I'm sure the "Applesphere" will be filled with absolutely everyone posting their take on this for the next few days… and I don't really have that many smart things to say, I'm not really an "Apple blogger". But I felt like I should still say something, having been in this community of Mac/iOS devs since around 2008-09, part of it working on it full time. And after all, that "mac" in my handle means something…
I didn't manage to (virtually) get to know Steve Jobs as well as I know many other people did, since I only really got interested in Apple things around 2007, so about 4 years before his death. But still, I knew he was the person who made Apple the company it was, and that he would be very hard if not impossible to replace. I was a bit worried if the company I felt a strong connection to both as a user and as a developer would be able to stay as cool, fun and innovative as it was, if it won't go to crap and become another boring American corporation. But I had a lot of hope that things would turn out just fine.

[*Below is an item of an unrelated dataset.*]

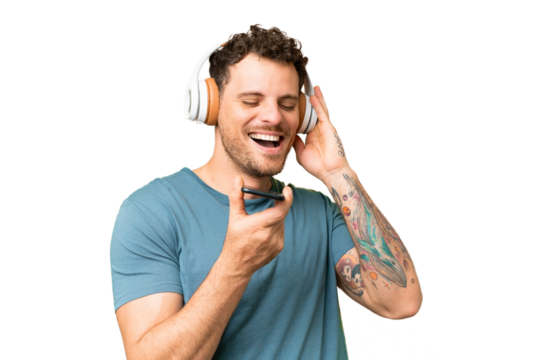 Brazilian man over isolated chroma key background listening music with a mobile and singing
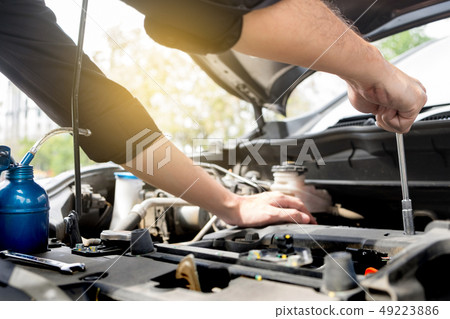 checking vehicle engine at the garage industrial checking vehicle engine at the garage industrial 49223886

And I think in his first years as CEO they have. He brought the iPhone and the Mac through several different generations of products, massively increasing the number of people who used them. He turned the company into a well designed machine for planning, designing, producing and distributing any kind of hardware in enormous numbers, as optimally as physically possible. Tim Cook's Apple launched Apple Watch, Retina Macs, FaceID & OLED iPhones, Swift, SwiftUI, visionOS, Apple Silicon chips and ARM-based macOS, and many other interesting things. The company itself is surely doing extremely well financially.
But I feel like somewhere along the way, some good parts of the old Apple have been lost, and in the second half of the Cook period, more and more things have started to go in a wrong direction:
I don't want to sound too negative. I'm still a fan of Apple OSes and hardware, I love my thin and light ARM MacBook Air and my Mac Studio (less so the iPhone that I can't easily upgrade, because every current model is way too large). I'm pretty happy with my current macOS (Sequoia), with the ecosystem of first and third-party Mac and iOS apps I use, with iCloud and other system APIs they're built on. I'm not even close to seriously considering switching to Linux, Windows or Android. I know I will buy another Mac and another iPhone again in a couple of years and will probably be very happy with it. I still have fun building the occasional iOS or Mac app from time to time. I don't hate Apple or Tim Cook, far from it – I think he tried as best as he could to follow the vision for Apple he had – I'm just disappointed with a lot of things.
So here we are, in 2026, with all of the above and an upcoming new CEO. I don't know much about Ternus, but from what I've read, he seems like a nice and smart guy, it sounds like people like him and put a lot of hope on him. So I will try too. There are enormous expectations that everyone has for him, and he surely knows it.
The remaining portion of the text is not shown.